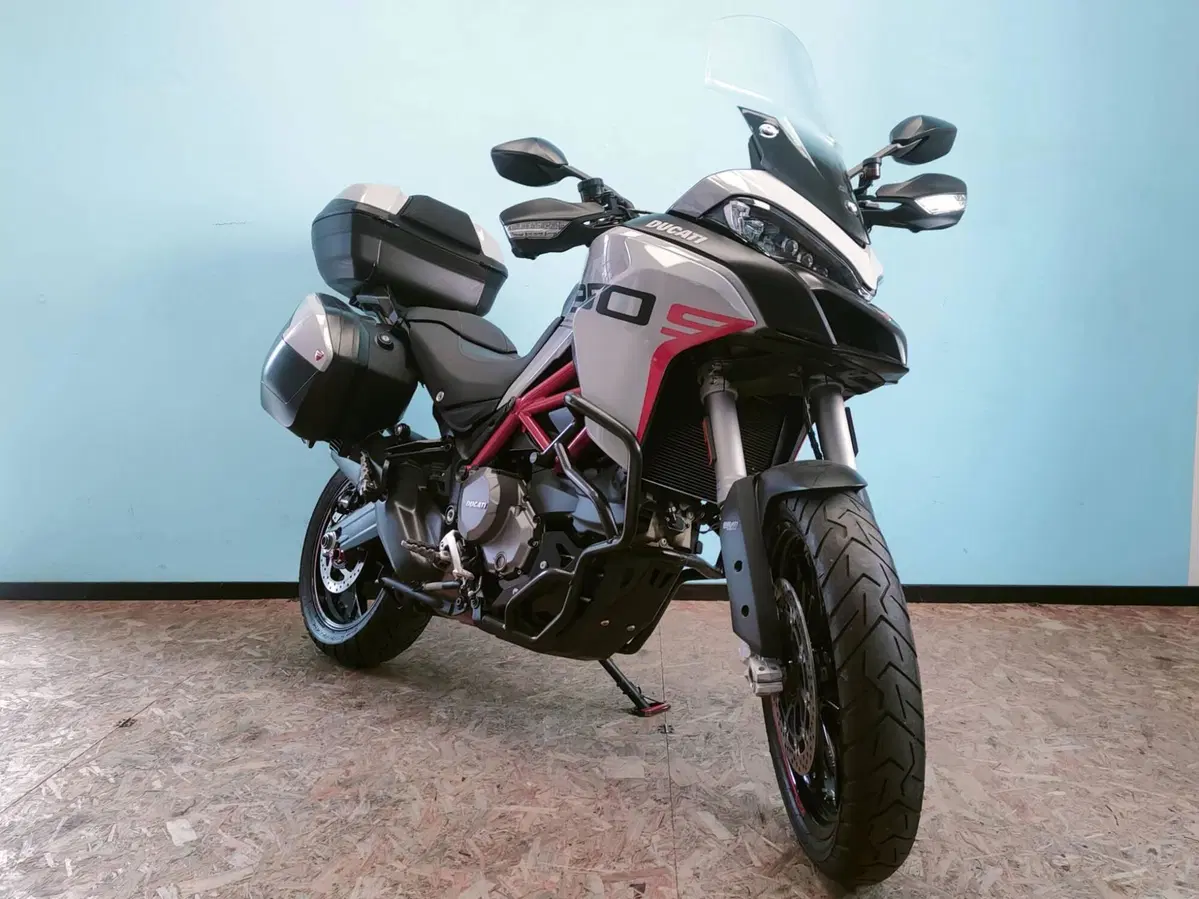 Ducati Multistrada 950 S (2019 - 20) (2)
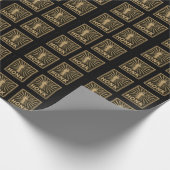 Honk Goose Funny Duck Chicken Meme Cadeaupapier (Hoek)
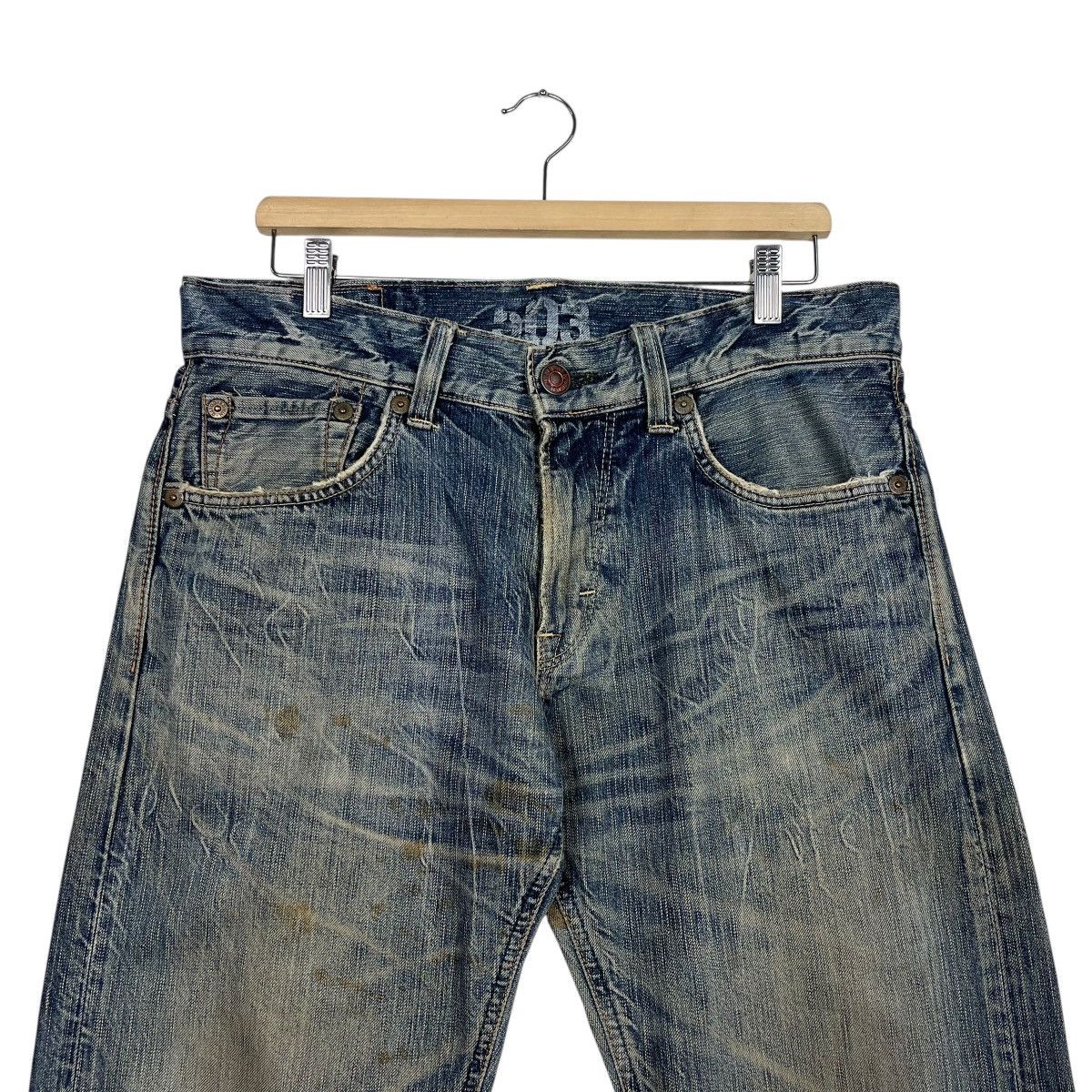 Edwin Vintage Edwin Distressed Denim Jeans Size US 34 / EU 50 - 2 Thumbnail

━━━━━━━━━━━━━━━━━━━━

## What is being asked
Retype the data above exactly. Leave the pictures out.

## Reply
 Ducati Multistrada 950 S (2019 - 20) (2)
 Honk Goose Funny Duck Chicken Meme Cadeaupapier (Hoek)
 Edwin Vintage Edwin Distressed Denim Jeans Size US 34 / EU 50 - 2 Thumbnail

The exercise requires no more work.